Photos by Allison Murphy www.RuthRocks.com
Review by Brian Turk
The 19th Annual Telluride Blues and Brews Festival didn’t officially kick off until Friday at noon, but I decided to start my music filled weekend getting down with Little Feat at the Bluebird Theatre in Denver on Thursday night. It was the best decision I made all weekend. (What was the worst? Not getting the number of the beautiful woman I danced with at Anders Osborne’s late night set before going out for fresh air and not being able to get back in because it was one-in-one-out.) Little Feat sounded like a band in its prime, its heyday, on top of its game. Paul Barrere was simply on fire, and he crop-dusted the crowd with his poisonous licks, giving absolutely everything he had-and then some! The only other time I had seen Little Feat live was in 1998 at Carter-Finley Stadium in Raleigh, and they were opening for Jimmy Buffett. The sound I heard fit well with the headliner’s upbeat “Caribbean Soul”, and it sure as hell made me dance-but it seemed to be missing the grime of the Little Feat I heard coming out of my speakers at home. Thursday night’s show gave me the down and dirty Little Feat sound I was looking for, and it felt like a proper roadhouse throw down. Little Feat outside during day-light is nothing like Little Feat in a theatre at night. To fully experience Little Feat, you need to be breathing the same stale air as them. A ripping “Spanish Moon” is what turned on the switch for the night, and a “Dixie Chicken >Tennessee Jed > Dixie Chicken” that lasted nearly half an hour and had teases of “Lively Up Yourself” “Scarlet Begonias” and “Jessica” blew the fuse. Little Feats Bluebird show was something special, and newer songs like “Rooster Rag” and “A Church Falling Down” fit right in. This is a new chapter for these 40 year rock and roll veterans, and quite possibly on of their best to date.
After too little sleep and too much whiskey, we hit the road for the seven hour drive to Telluride. Three music lovers with no way to play a CD or iPod in the vehicle, we thought with only spotty and lack-luster radio waves as our soundtrack, that the road trip would be lacking a key ingredient. After four hours on the road, we realized we never even attempted to find a radio station because we were consumed by enthusiastic conversation regarding past concert experiences, our awe of the ever changing geography out the window, and our nearly uncontainable excitement for what was to come.
Deciding to fully embrace the festival experience, we camped in Telluride Town Park-a stone’s throw from the festival gate. After setting up our home base for the weekend, complete with disco ball, light show, inflatable animals, and battery powered Christmas lights-we were ready for three days of mountain madness and monumental music. Nothing but smiles, I actually had all I could do not to skip through the gate, and we crossed the threshold right as Robert Randolph’s 4:20pm set started. Hot steel and steaming soul filled songs like “Good Times”, and the “Voodoo Child” closer tipped its hat to the blues.
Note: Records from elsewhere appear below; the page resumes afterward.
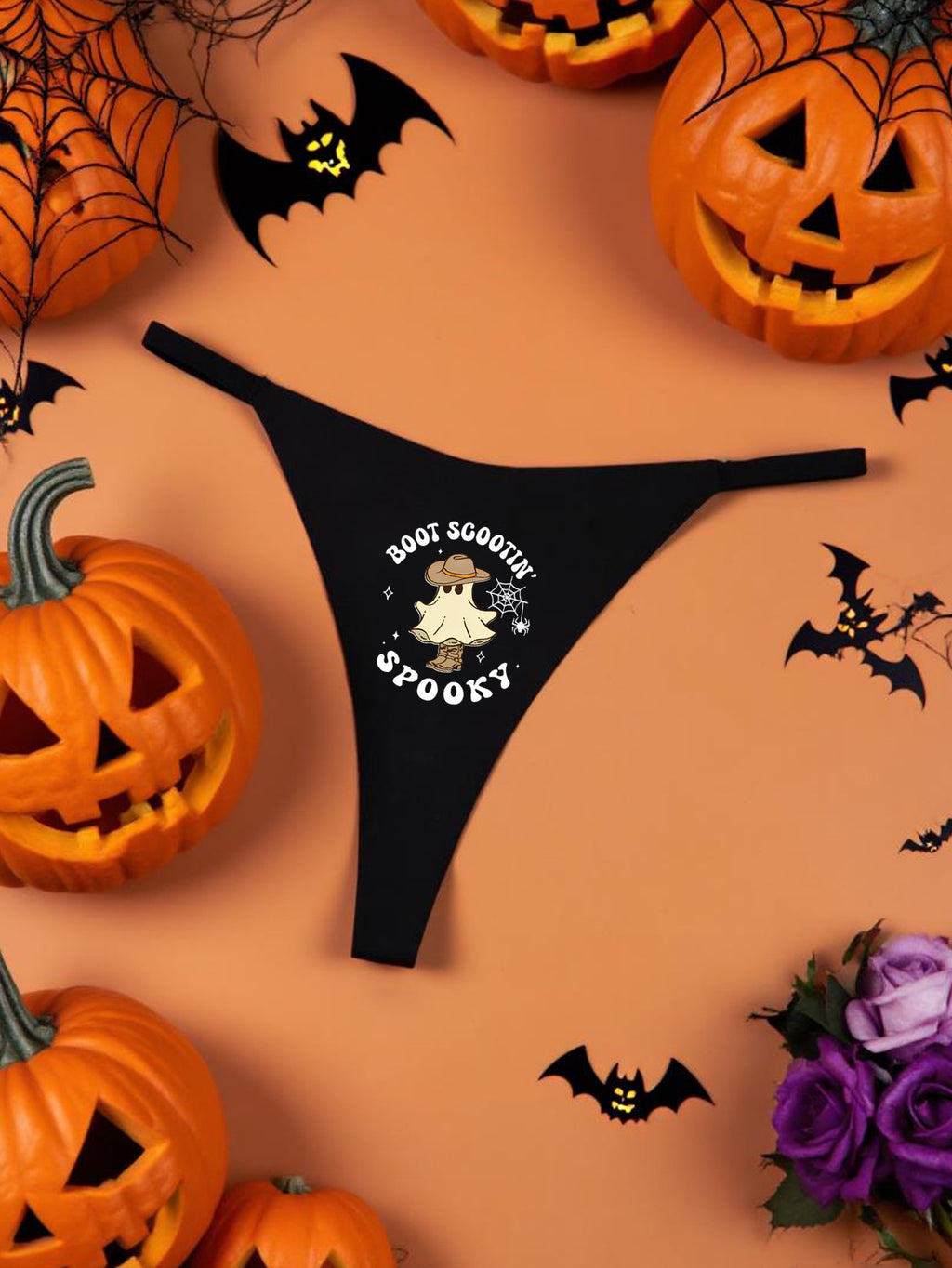 Halloween Printed Ladies Thong V-Shape Waist Quick-Dry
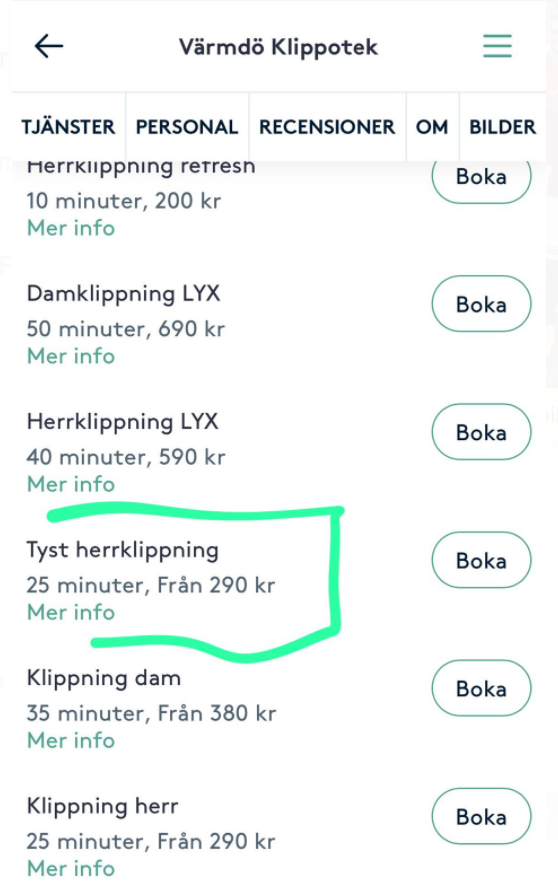 Jeg hyller vår lokale frisør her på Värmdö. Enestående!

"Denna tjänst är för dig som vill sitta i lugn och ro utan småprat under klippningen. Konsultation &amp; styling ingår."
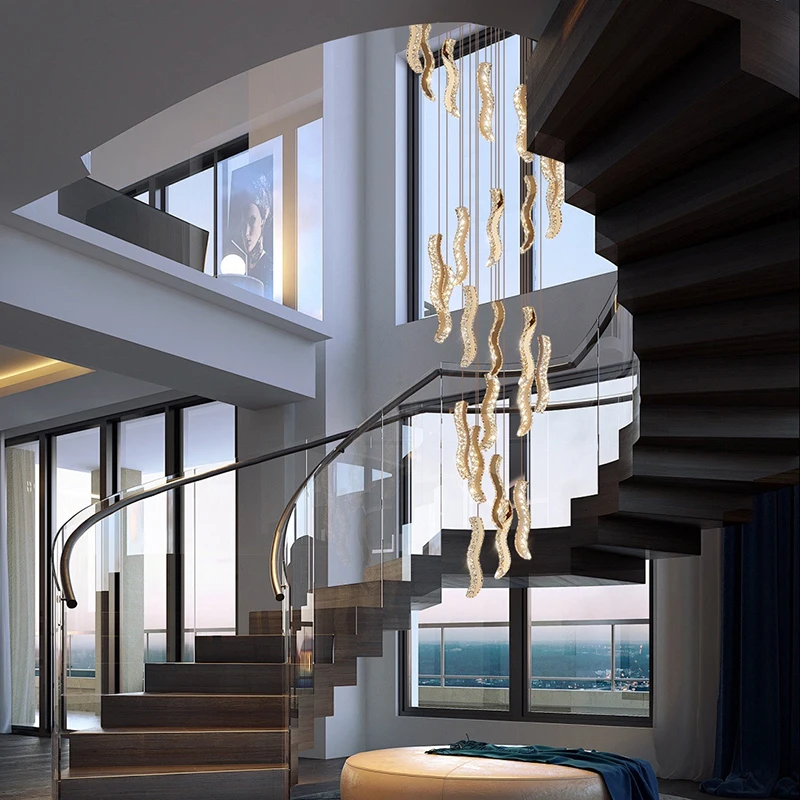 Nowoczesny żyrandol na schody Lampy wiszące oświetlenie wewnętrzne Lampa sufitowa wisząca lampa led Żyrandole do salonu oświetlenie wewnętrzne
Last year was a turning point for Blues and Brews, when they added more diversity to the line-up, immediately increasing the appeal. Let’s face it, just blues, or blues related acts only draw a small percentage of music lovers, and by changing it up, this festival now has not only become a “destination festival” drawing younger attendees from all over, it also represents the vibrant music scene we have here in Colorado. Most of the people I spoke to the week before leaving had no idea the line-up was a powerful and eclectic as it was, and had just assumed it was a strictly blues festival. Well, let it be known, these mountains rang with every sound imaginable, and they will continue to do so. Telluride Bluegrass may be the states most well-known music weekend, but if Blues and Brews can keep this up, we might have a new king of the hill!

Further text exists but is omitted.